DNV GL is proposing a new concept that combines mature water injection technology with the newest developments in offshore wind power to achieve more cost effective Enhanced Oil Recovery (EOR).
DNV GL studies suggest there are opportunities for a new generation of autonomous injection systems used to increase the reservoir pressure. There are clear indications that such a wind-powered water injection system could reduce both CAPEX and OPEX and drive innovation of new technology. It could be installed without costly retro-fittings on the platform, provide access to systems normally located subsea, increase the flexibility of injection location and reduce the installation time.

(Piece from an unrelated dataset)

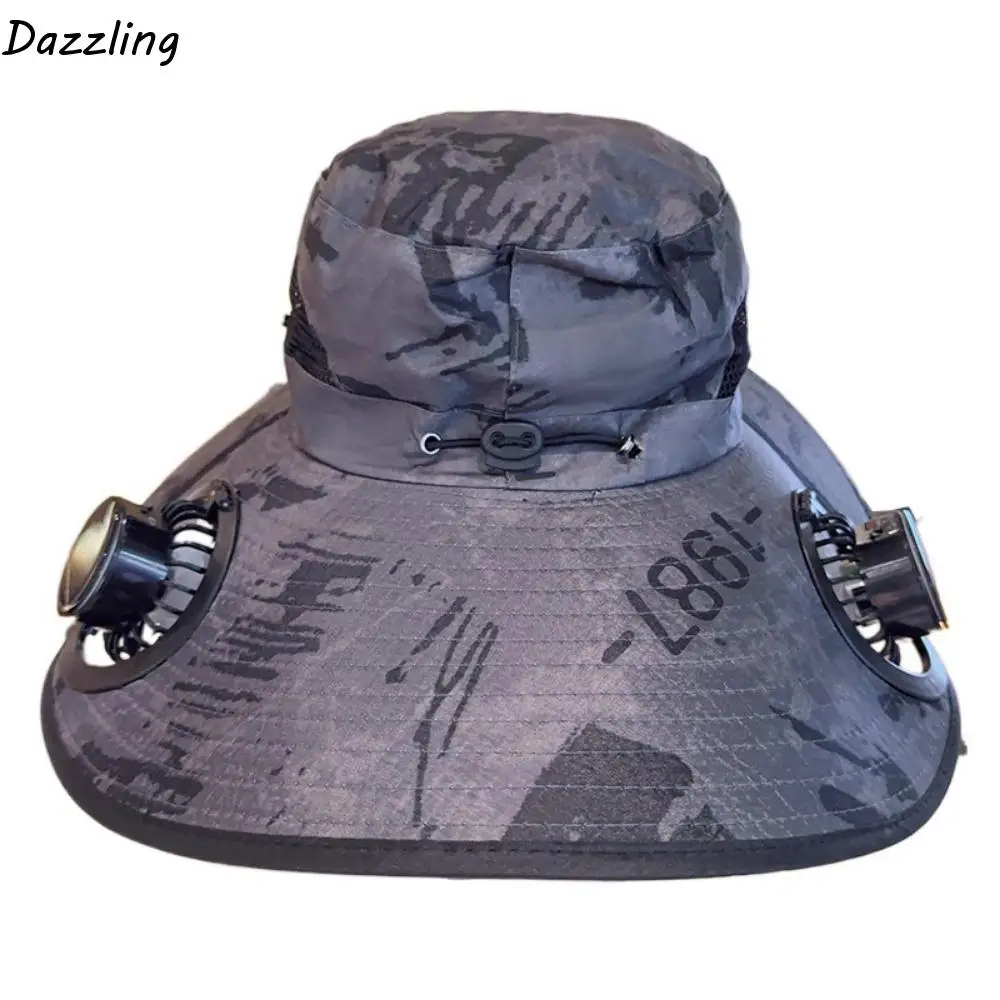 

UV Protection Sun Hat with Solar Fan Adjustable 3 Speeds Wide Brim Sun Cap Breathable Mesh Rotable Sun Bucket Hat Adult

The system would also be possible easy to move and use at new locations after the closure of a well or field.
“We want to take this concept further together with both the wind energy and O&G industries and invite them to participate in a Joint Industry Project (JIP) to carry out an in-depth study -- ‘WIN WIN – WINd powered Water Injection’. The combination of the two technologies can open up an era of synergies and mutual benefit for both industries. I see this as a very important part of the oil & gas industry’s work to reduce cost and with less emissions as a positive effect,” says Johan Sandberg, Service Line Leader - Offshore Renewable Energy at DNV GL, and who is project sponsor of the initiative.
DNV GL’s concept intends to integrate the compressor and water treatment equipment into the sub-structure of a floating wind turbine. Combining the newest developments within offshore wind power and enhanced oil recovery may be a highly beneficial partnership. On the one hand, floating wind turbines have recently emerged as one of the most interesting sources for offshore power generation, allowing relatively stable production, and flexibility regarding locations and water depths. This power can be used with a variety of water injection technologies, ranging from raw seawater injection as the simplest to LowSal water injection (low salinity water from a reverse osmosis process) as the most complex.
“Our studies show that such a stand-alone system can quickly become cost competitive to traditional solutions for injection wells far from the platform, and even more when one considers the retrofitting water injection equipment into an existing facility and cope with the disruptions that this modification can have on production. Operators can obtain a new and cost-efficient way to develop marginal reservoirs and enhance production in mature fields. The financial benefits will vary depending on several factors, such as the reservoir characteristics and step-out distance from the production well. Traditional injection systems normally have a significant CAPEX investment, CO2 tax, and exposure to fuel costs, and hence provide a substantial incentive for assessing alternative solutions,” says Christian Markussen, Subsea Business Development Leader at DNV GL - Oil & Gas.